А впрочем, кое-что и от Милана осталось! Соборная площадь, кишащая голубями, и памятник Леонардо да Винчи на Пьяцца-делла-Скала со знаменитым театром «Ла Скала». Кстати, сам оперный театр показался мне неожиданно маленьким.
Мы неслись по самой длинной в мире улице — дороге, называемой Виа Аурелиа и построенной еще римлянами. Она брала свое начало в Риме и тянулась вдоль Лигурийского побережья через территорию Франции и заканчивалась в Испании в городе Барселона с тем же названием — ведь тогда все это была Римская империя. Может, у римлян эта улица была не такая гладкая и не такой ширины, но мы ехали по ней, и никаких проблем, кажется, для нас не существовало...
Мы уже не замечаем движение времени — оно летит, подпираемое попутным ветром; с одной стороны — гладь моря, с другой — горы с бесконечными туннелями, которых итальянцы называют галереями, и такое впечатление, будто не мы проезжаем их, а они пропускают нас через себя...
Так уж устроен человек, что его представление о стране, которую он однажды ненароком полюбил и никогда в ней не ; был, ограничено воображением. По-моему, Италия и есть та страна, которая живет в сознании многих людей, если не с рождения, то с ранней юности... Мой сосед по дому, человек скромного достатка, каждый раз при слове «Италия» вспоминает послевоенные фильмы итальянского неореализма.
В них он однажды и навсегда полюбил итальянцев за их привлекательную бедность, забыв, что мир за прожитые им годы сильно изменился. Я тоже недалеко ушел от своего соседа: мою голову до сих пор туманят «Образы Италии» Павла Муратова. И потом, мне достаточно услышать одну стоящую итальянскую ноту, чтобы волосы на макушке встали дыбом. Так что нужно было преодолеть свое воображение и постараться увидеть все как есть. Правда, о Лигурии я тоже имел представление.
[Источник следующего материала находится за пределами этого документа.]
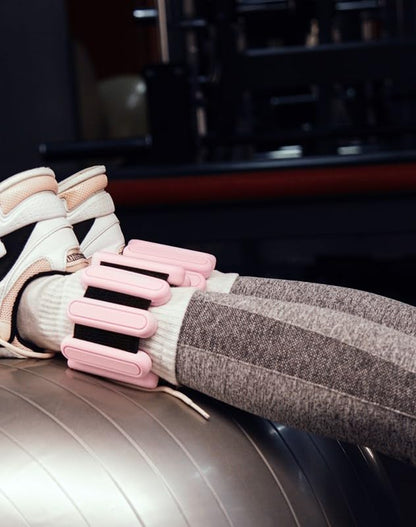 STONESAM Wrist & Ankle Weight for Women-Set of 2 (1lb) - color: Pink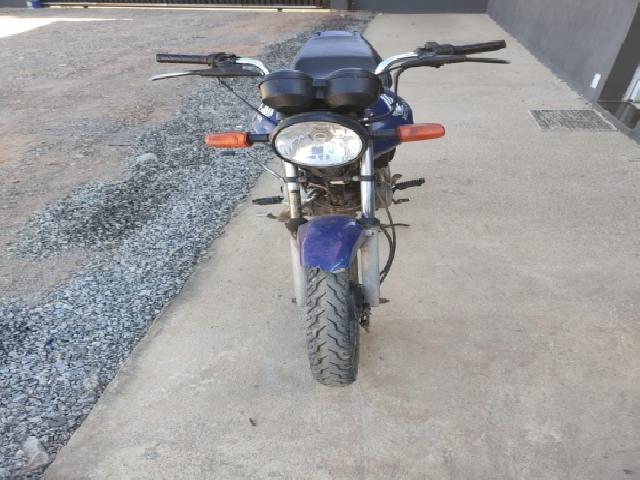 Lote 59 · HONDA/CG 125 FAN KS 2009 — sucata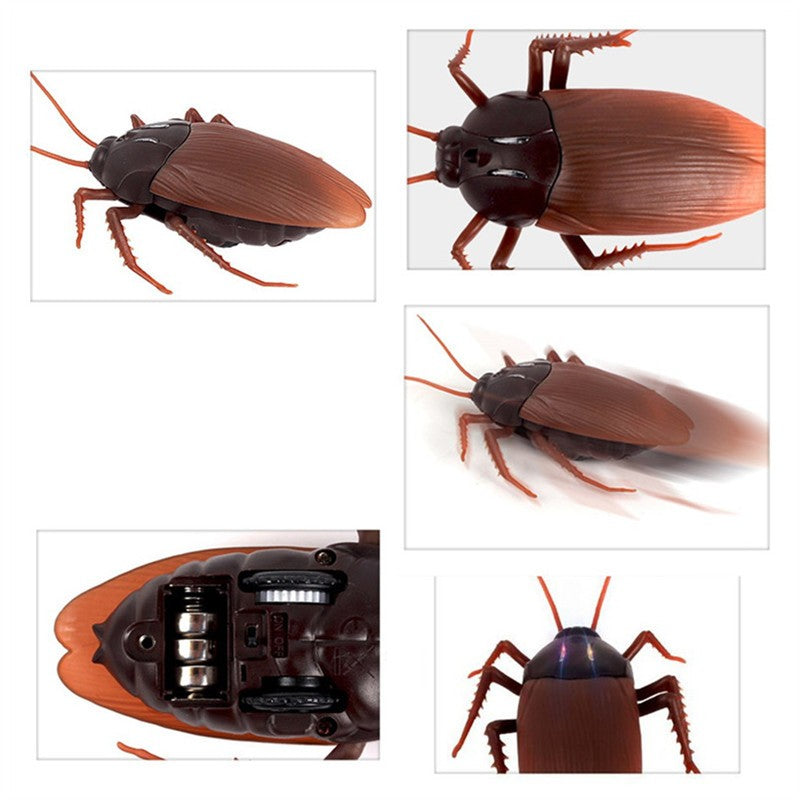 Infrared Remote Control Cockroach Spider Ant Prank Toy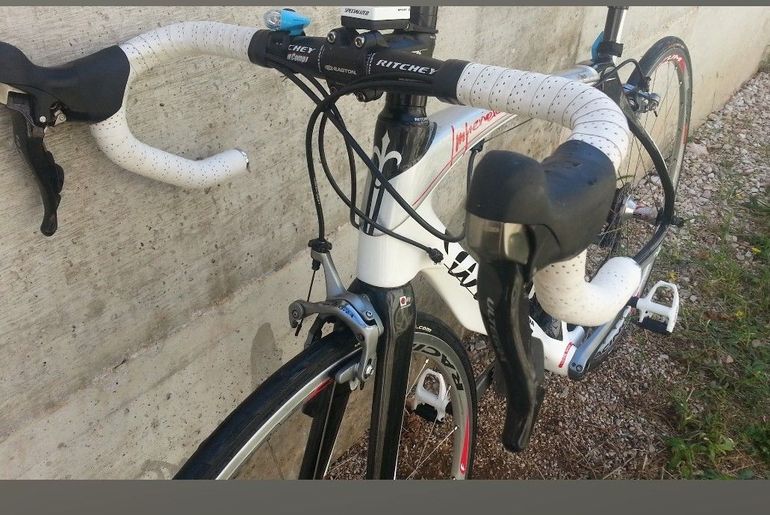 Wilier Triestina Custom Shimano Ultegra 2009 Road & Gravel d'occasion — image 3 sur 11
Теперь уже, когда все произошло и мы проехали всю Лигурию, надо говорить о ней с любовью. Как говорят с любовью о море, о горах и людях, населяющих это побережье. Как в хрестоматии — просто и уважительно. Надо вспомнить, что Лигус по-гречески — Музыка. Грекам, бывавшим на этих берегах в IV веке, послышалась в накатах волн — музыка; потом Лигус трансформировалась в Лигурию; надо вспомнить и удивиться, что в этих местах отдыхают не только богатые.
Лигурия — это одна из двадцати областей Италии со своим собственным Лигурийским морем, вдоль которого она тянется узкой полосой с юга на север и, сворачивая на запад, плавно переходит от итальянской Ривьеры к французской... Защищенная от холодных ветров Альпами земля здесь благоухает оливковыми и апельсиновыми рощами. Всюду, куда ни глянь, пока ты едешь, то и дело видишь на зеленых склонах выкрашенные охрой дома лигурийцев, белеющие теплицы на террасах, или вдруг в гордом одиночестве, в пронзительно чистом воздухе — древний замок. И от всего увиденного тебя одолевает комплекс вины, потому как ты не способен все это вобрать в себя.
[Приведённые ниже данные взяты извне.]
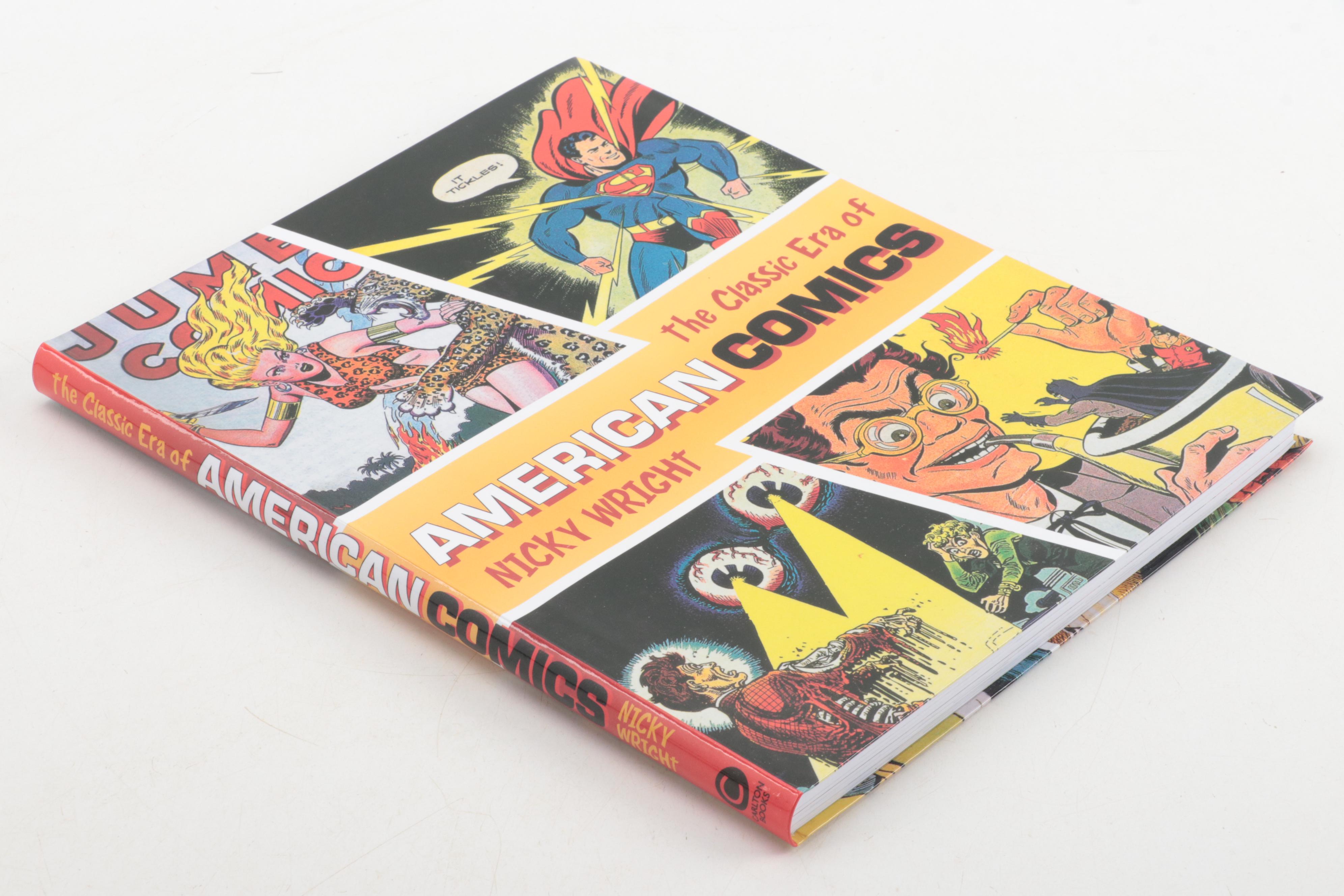 First Edition "Comics: Between the Panels" and More Comic Book History Books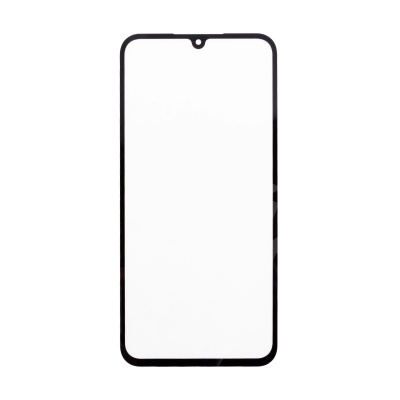 Стекло для переклейки Samsung Galaxy A34 5G (A346B) в сборе с OCA пленкой Черный - OR (Mitsubishi)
На въезде в Сан-Ремо к нам в автобус поднялась элегантная женщина с прекрасным русским языком (и как объяснила потом Раффаэлла, с не менее безукоризненным итальянским). Она сказала, что зовут ее Вероникой, будет сопровождать нас от Сан-Ремо до княжества Монако, сама она из Ужгорода, училась в Московском университете, десять лет как живет в Италии. Теперь она — санремезе.
— Коренных жителей города Сан-Ремо называют санремасками, а вот таких как я, которые приехали сюда, — санремезе. — И тут же голосом классной руководительницы разъяснила: — Времени на города мало, а потому отныне слова — мои, а глаза — ваши.
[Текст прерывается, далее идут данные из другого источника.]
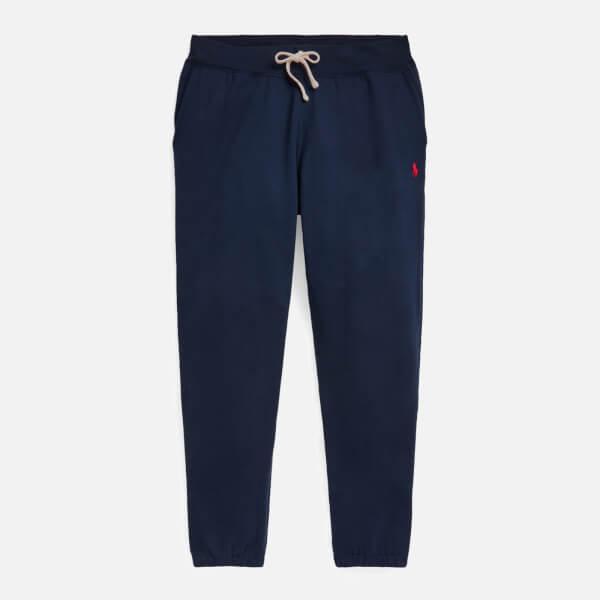 商品Ralph Lauren|Polo Ralph Lauren Men's Fleece Joggers - Cruise Navy,价格¥1080,第3张图片详细描述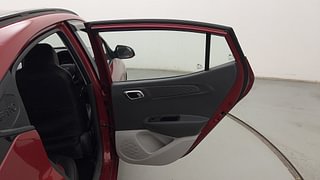 Used 2020 Hyundai Grand i10 Nios Sportz 1.2 Kappa VTVT CNG Petrol+cng Manual interior RIGHT REAR DOOR OPEN VIEW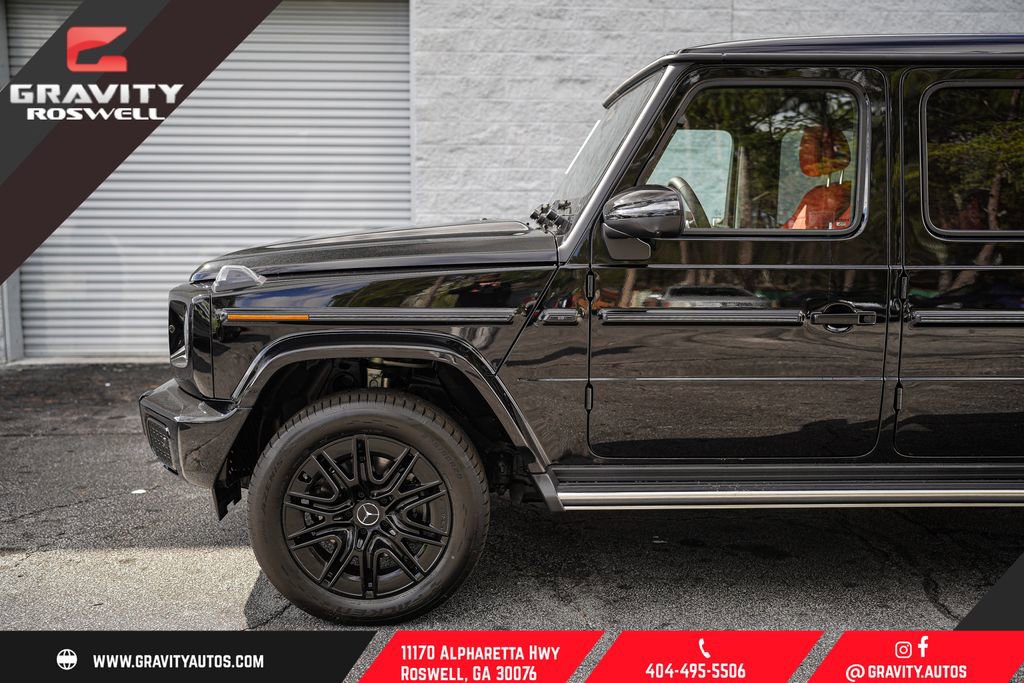 Used 2025 Mercedes-Benz G 580 w/ EQ Technology image 11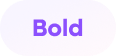 Bold Font Weight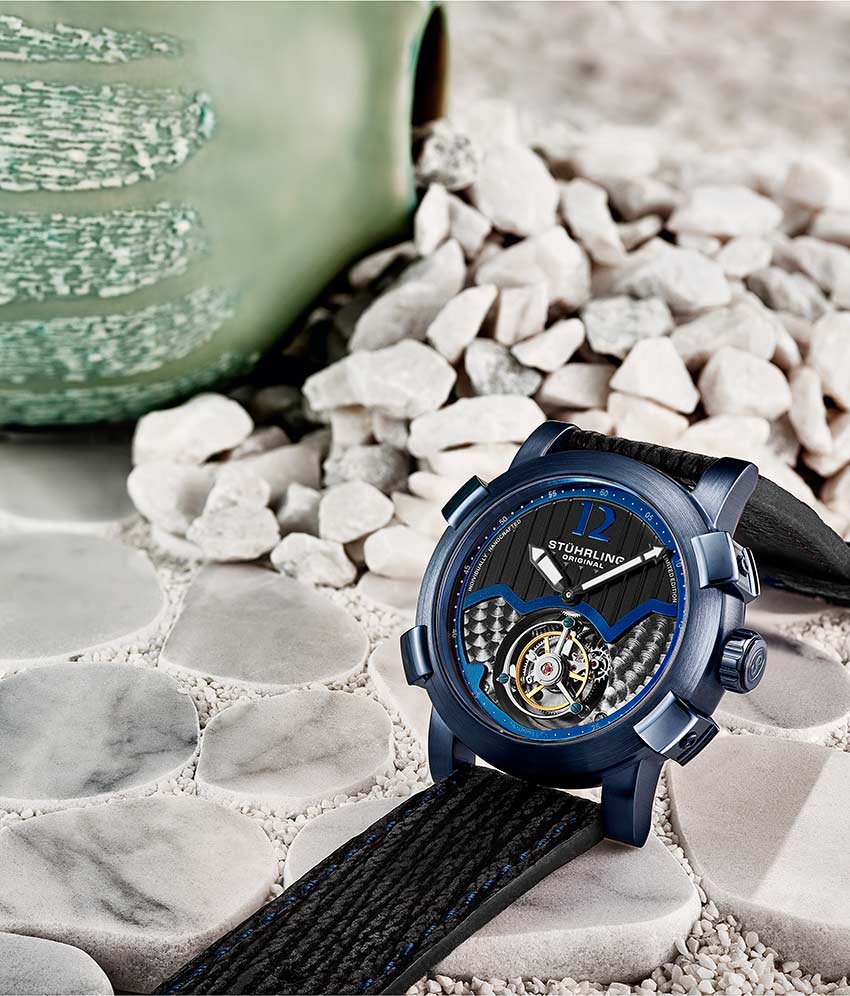 Blue Dial / Blue Case / Blue Band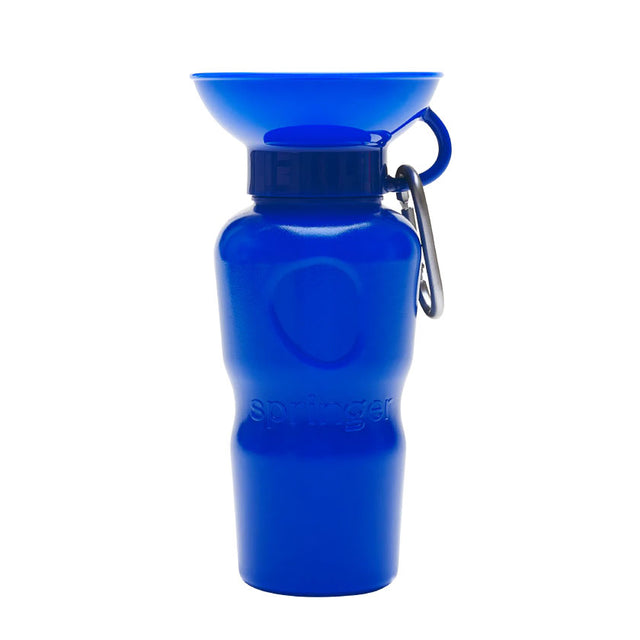 Springer Travel Bottle Classic, Indigo 650ml Trinkflasche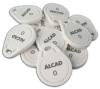 JEU DE 10 CLES ELECTRONIQUES DE PROXIMITE FORMAT PORTE-CLES N°0 ALCAD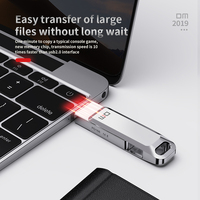 Unidad Flash USB 3.2 Tipo C Original de 256 GB OEM/ODM 1G 8G 16G 64G 128G con Nueva Interfaz 3.0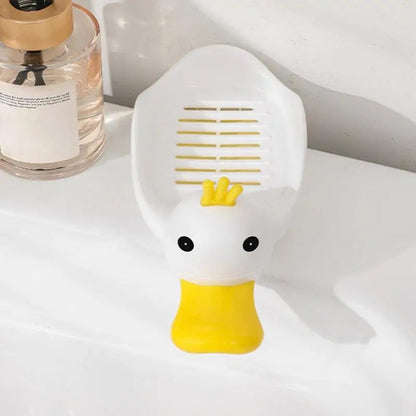 cute duck soap dish random colour available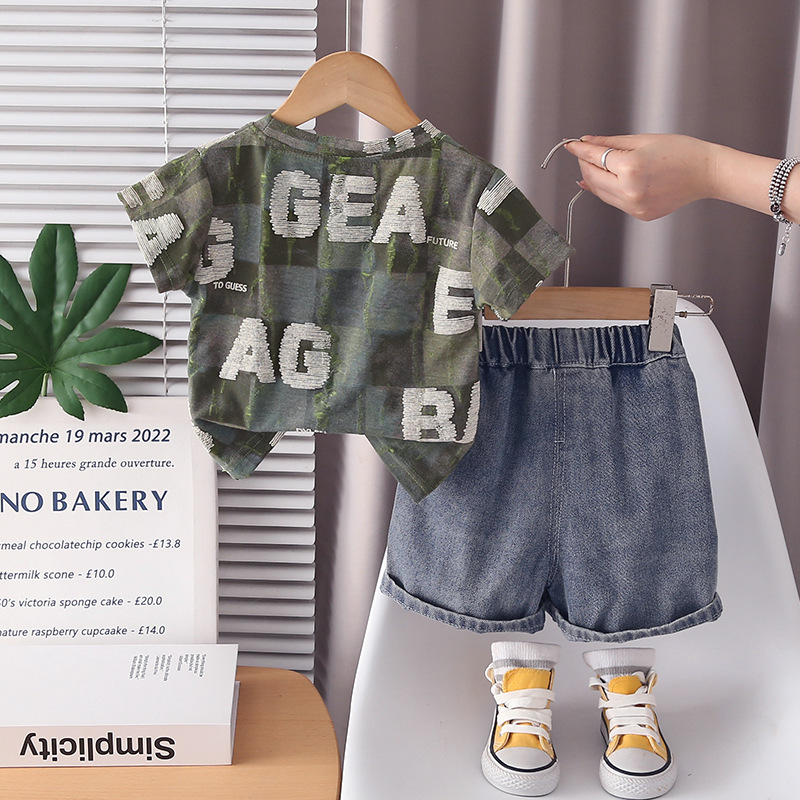 Conjunto de roupas de 2 peças  - Baby Clothing Wash avaliação e preço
Не знаю, как у других, мои глаза напряглись с готовностью отличника. Объясняю я это тем, что с некоторых пор с уважением отношусь к профессии гида. Я нашел ее очень полезной. Особенно там, где мало времени на автономное времяпрепровождение, а нам предстояло знакомиться с Сан-Ремо и отличать, к примеру, улицу от каруджи; пинью от пинии... «Налево — маяк, — скажет Вероника, — направо — «пинья», часть города, построенного на горе еще в VIII веке, и собор Богоматери на ее вершине...» Пинья у меня будет ассоциироваться с «Пиниями Рима». Но я никаких сосен не обнаружу вокруг. Поинтересуюсь у Вероники. Немного времени пройдет, и она поднимет с земли обыкновенную еловую шишку и объяснит: «Это и есть пинья, — И ко всем: — Видите, эта часть старого города похожа на шишку. На пинью»...
Но до этих картин еще время не дошло, мы только въезжаем на Виа Рома — эта все та же самая длинная дорога — улица Аурелиа, но в пределах городов она имеет внутреннее название... Сворачиваем и перед нами открывается красивый респектабельный проспект — Корсо-Императриче с пальмами вдоль моря. Пальмы были подарены городу русской императрицей Марией Александровной.
Она побывала в Сан-Ремо в 1874 — 1875 годах. Ей очень понравился этот тогда еще маленький городок, и она заказала для него эти пальмы в Египте. И вот в честь нее, супруги Александра II, и назван этот проспект. Здесь же за парком виднеется и самая красивая гостиница города «Рояле». Отсюда с набережной, как на ладони, лежит залив Сан-Ремо между двумя мысами. Зеленый — Капо-Верде, там, где восходит солнце, и черный — Капо-Неро, там, где солнце прячется... Узнается и Портосоле — солнечный порт с яхтами. Здесь проводятся известные регаты Сан-Ремо...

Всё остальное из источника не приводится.